Recognition of Juneteenth, a day that marks the effective end of slavery in the United States, gained traction after the police killing of George Floyd in 2020. But after an initial burst of action, the movement to have it recognized as an official holiday in the states has largely stalled.
Although almost every state recognizes Juneteenth in some fashion, many have been slow to do more than issue a proclamation or resolution, even as some continue to commemorate the confederacy.
Lawmakers in Alabama, Mississippi, South Carolina, Tennessee and other states failed to advance proposals this year that would have closed state offices and given most of their public employees paid time off for the June 19 holiday.
That trend infuriates Black leaders and community organizers who view making Juneteenth a paid holiday the bare minimum state officials can do to help honour an often overlooked and ignored piece of American history.
“Juneteenth marks the date of major significance in American history. It represents the ways in which freedom for Black people have been delayed,” said Democratic Rep. Anthony Nolan, who is Black, while arguing in favour of making Juneteenth a paid holiday in Connecticut on the House floor. “And if we delay this, it’s a smack in the face to Black folks.”
Juneteenth commemorates when Union soldiers brought the news of freedom to enslaved Black people in Galveston, Texas, in 1865, two months after the confederacy had surrendered in the Civil War and about two and a half years after the emancipation proclamation freed slaves in Southern states.
First new national holiday since 1983
Last year, Congress and President Joe Biden moved swiftly to make Juneteenth a national holiday. It was the first time the federal government had designated a new national holiday since approving Martin Luther King Jr.
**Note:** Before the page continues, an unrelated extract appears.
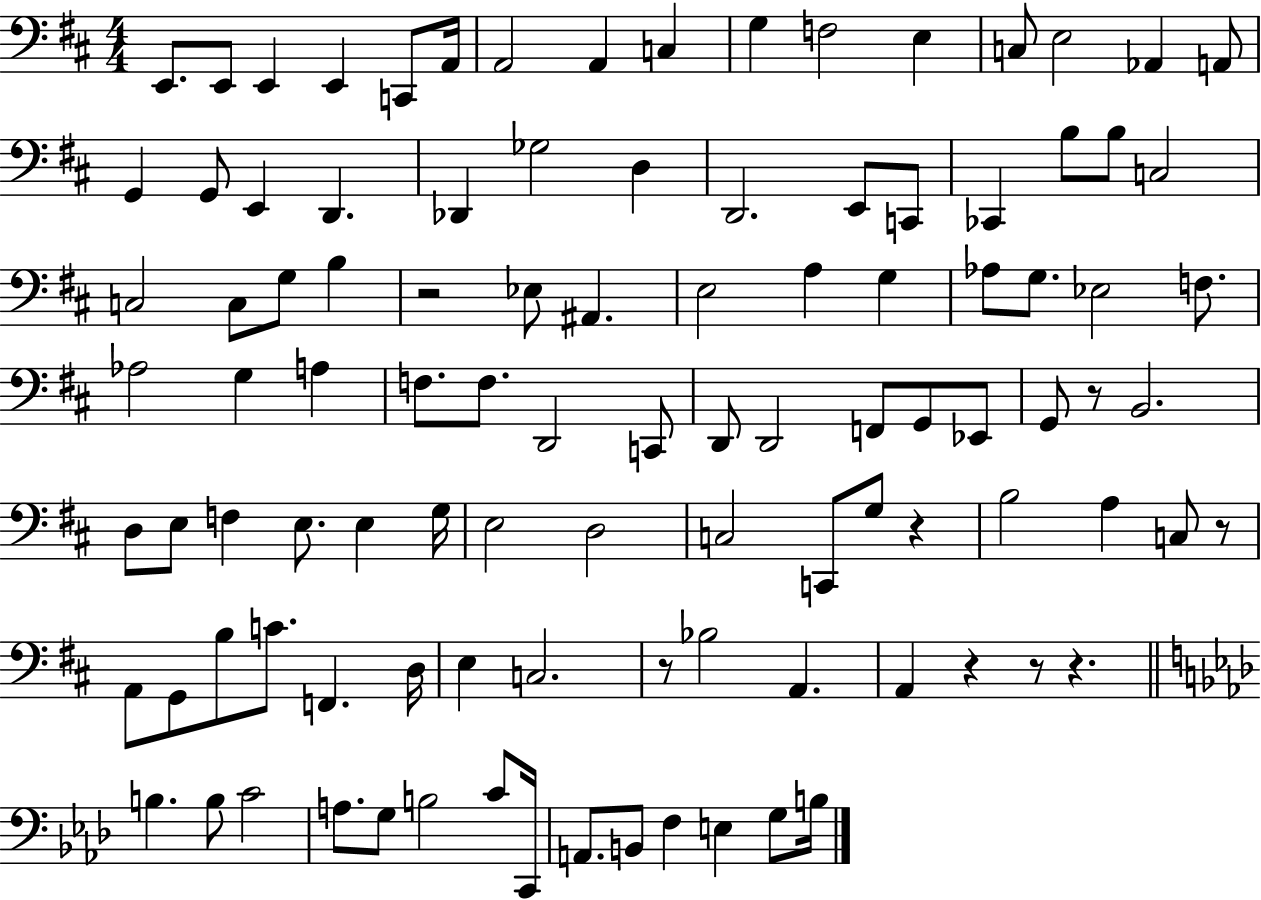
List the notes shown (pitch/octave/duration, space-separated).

E2/e. E2/e E2/q E2/q C2/e A2/s A2/h A2/q C3/q G3/q F3/h E3/q C3/e E3/h Ab2/q A2/e G2/q G2/e E2/q D2/q. Db2/q Gb3/h D3/q D2/h. E2/e C2/e CES2/q B3/e B3/e C3/h C3/h C3/e G3/e B3/q R/h Eb3/e A#2/q. E3/h A3/q G3/q Ab3/e G3/e. Eb3/h F3/e. Ab3/h G3/q A3/q F3/e. F3/e. D2/h C2/e D2/e D2/h F2/e G2/e Eb2/e G2/e R/e B2/h. D3/e E3/e F3/q E3/e. E3/q G3/s E3/h D3/h C3/h C2/e G3/e R/q B3/h A3/q C3/e R/e A2/e G2/e B3/e C4/e. F2/q. D3/s E3/q C3/h. R/e Bb3/h A2/q. A2/q R/q R/e R/q. B3/q. B3/e C4/h A3/e. G3/e B3/h C4/e C2/s A2/e. B2/e F3/q E3/q G3/e B3/s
Day in 1983. Yet the move didn’t result in an automatic adoption from most states.
In Alabama, Republican Gov. Kay Ivey issued another proclamation marking Juneteenth a state holiday earlier this week after state lawmakers refused to take action on a bill during their legislative session even after she voiced strong support for making it a permanent holiday back in 2021. The state closes down for Confederate Memorial Days in April.
Similarly, Wyoming’s Republican Gov. Mark Gordon issued a statement last June saying he would work with lawmakers to make it a state holiday, but no legislation was filed during the 2022 session.
In Tennessee, Republican Gov. Bill Lee quietly tucked enough funding — roughly $700,000 — to make Juneteenth a state paid holiday in his initial spending plan for the upcoming year.
Despite the bill gaining traction in the state Senate, GOP legislative leaders maintained there wasn’t enough support for the idea even as Tennessee law currently designates special observances for Robert E. Lee Day, Confederate Decoration Day and Nathan Bedford Forrest Day.
“I asked many people in my district over the last few days, well over 100 people, if they knew what Juneteenth was and only two of them knew,” said Republican Sen. Joey Hensley, who is white and voted against the proposal. “I just think we’re putting the cart before the horse making a holiday that people don’t know about.”
At the same time, many of these Republican-led states have advanced bills limiting what can be taught about systematic racism in classrooms, while also spiking proposals aimed at expanding voting rights and police reform.